Cessez-le-feu à Gaza : après la visite de Benyamin Nétanyahou à Washington, beaucoup d’effets d’annonces pour très peu d’avancées

Malgré des annonces très optimistes de Donald Trump sur la perspective d’un cessez-le-feu à Gaza en amont de la visite du premier ministre israélien, la rencontre entre les deux dirigeants ne s’est soldée par aucun accord. A Tel-Aviv, les familles expriment colère et exaspération face à l’attitude de leur gouvernement.

Juil 14, 2025 - 07:11
Cessez-le-feu à Gaza : après la visite de Benyamin Nétanyahou à Washington, beaucoup d’effets d’annonces pour très peu d’avancées
LUCIEN LUNG/RIVA PRESS POUR « LE MONDE »

L’optimisme était à son comble mais, une semaine après les déclarations quasi triomphantes de l’administration américaine sur la perspective d’un cessez-le-feu dans la bande de Gaza et la visite officielle du premier ministre israélien, Benyamin Nétanyahou, aux Etats-Unis, il a été remplacé par un silence pesant. Jeudi 10 juillet, après quatre jours de rendez-vous avec l’administration américaine à Washington, et au moins deux entrevues avec le président Donald Trump, le chef du gouvernement est rentré en Israël sans accord.

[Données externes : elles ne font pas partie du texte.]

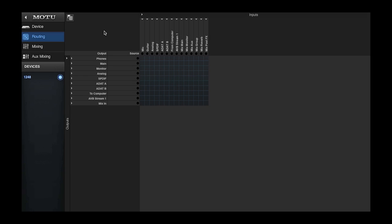MOTU AVB interfaces provide flexible audio routing and mixing options. In this video, let's learn about the routing grid.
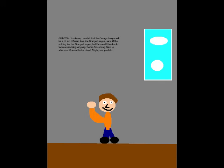Anyway, thanks for coming! Stop by whenever crime attacks, okay? Alright, see you later!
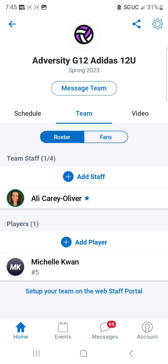Once that happens, as a staff member you are going to receive a little notification asking you — for example, if Brian Kwan is family of Michelle Kwan — you would hit Yes, and then they are accepted onto your team.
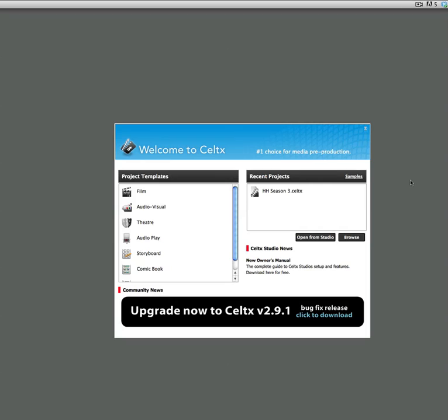In this tutorial, I'm going to show you how to use Celtx to create a storyboard. This storyboard is what you will need for assignment number three.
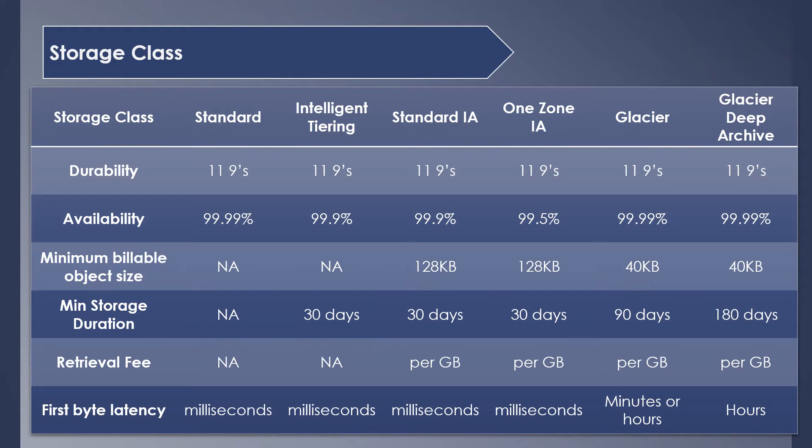Glacier and Deep Archive have a minimum billable size of 40 KB. Minimum storage duration tells you how long you have to at least store an object in a particular class. It's not applicable for Standard. For Intelligent Tiering, IA, and One Zone IA, it's 30 days. Glacier is 90 days and Deep Archive is 180 days. If you delete your object before the minimum duration, it will incur a prorated charge equal to the storage charge for the remaining days. So if you have an object in Glacier and you deleted it in 60 days, you will still end up paying for the remaining 30 days.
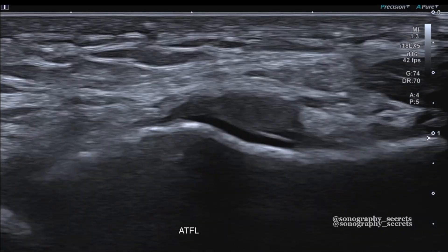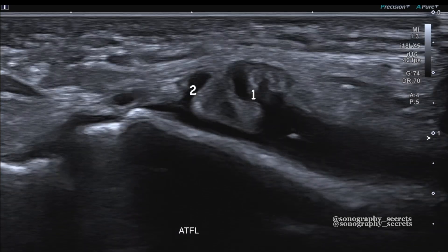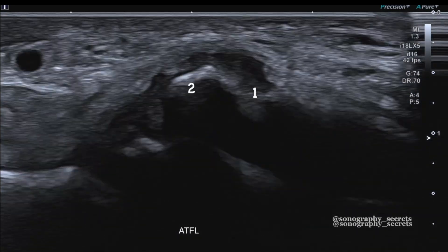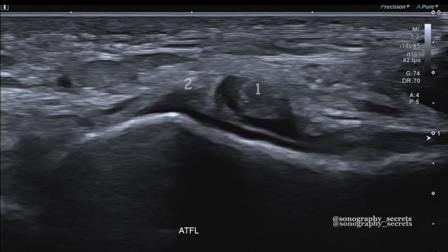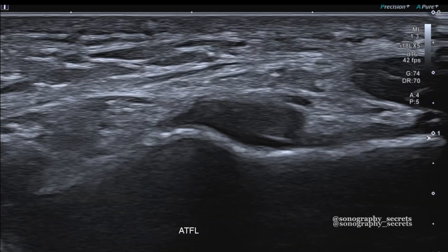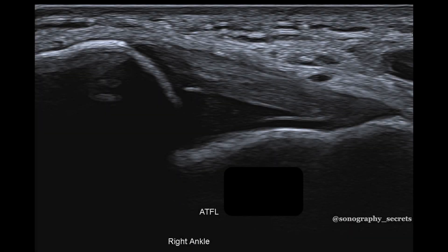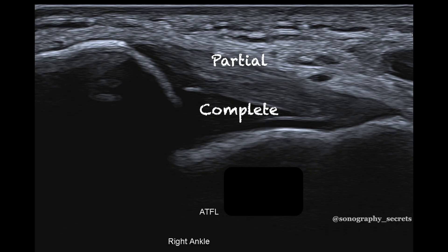The ATFL is more often than not multi-slip. To appreciate this, we can simply scan in short axis, where we can easily identify a single, double, or sometimes triple slip or band of the ATFL.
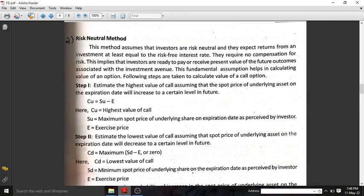Hello everyone. Today we are going to study the risk-neutral method. The risk-neutral method is the second method of the single period binomial model. The first one was the option equality method, which we discussed last class. Today the topic is the risk-neutral method.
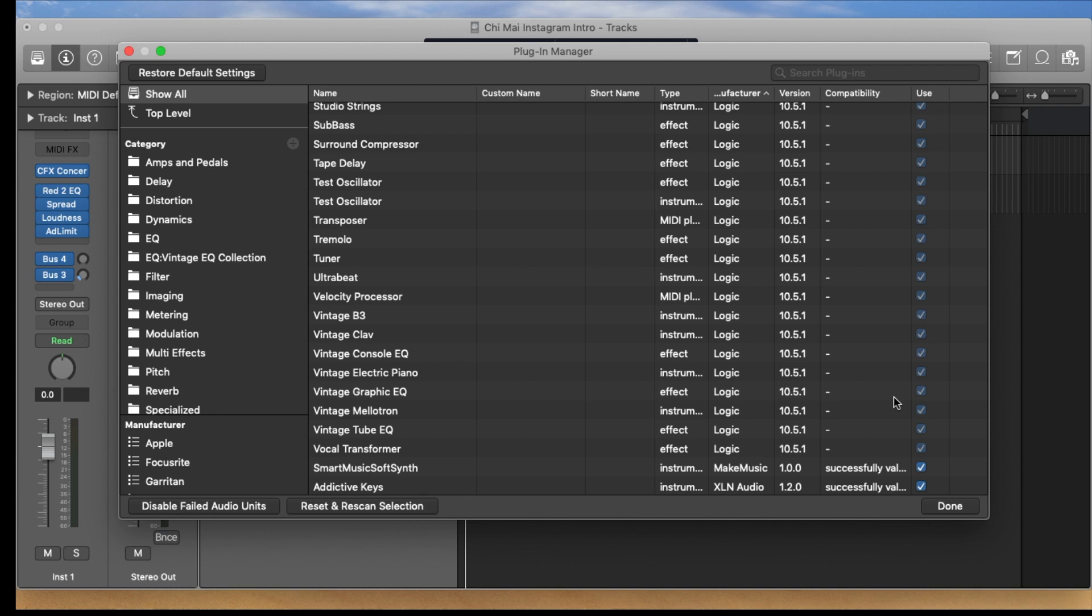Okay if that happens to you all you have to do is put the checkmark, click over here on Reset and Rescan Selection, and after you've done that double check that your plugin says successfully validated and has the checkmark.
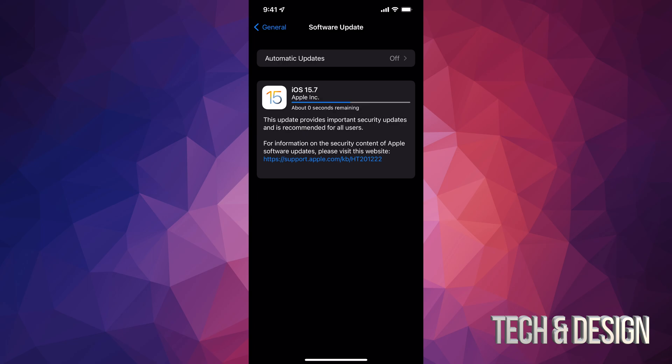So right after it's done downloading the update, it's going to just restart your iDevice. So whether you guys have an iPhone, iPad, or touch, it's going to do that for you. You will see the Apple logo, a loading bar, and then we're going to be done with this really small update.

Dans un communiqué publié à la fin de cette rencontre, qu’il décrit lui-même comme « historique », le dirigeant israélien a précisé : « Ce dont nous avons convenu, le président Trump et moi, sur les questions concernant Gaza, la région et même au-delà, sera abordé prochainement. » Dimanche, Benyamin Nétanyahou n’avait encore donné aucun détail supplémentaire sur le contenu de ces discussions.

Des panneaux avec le portrait du président Donald Trump lors d’une manifestation pour un cessez-le-feu, au boulevard Begin, à Tel Aviv, le 12 juillet 2025.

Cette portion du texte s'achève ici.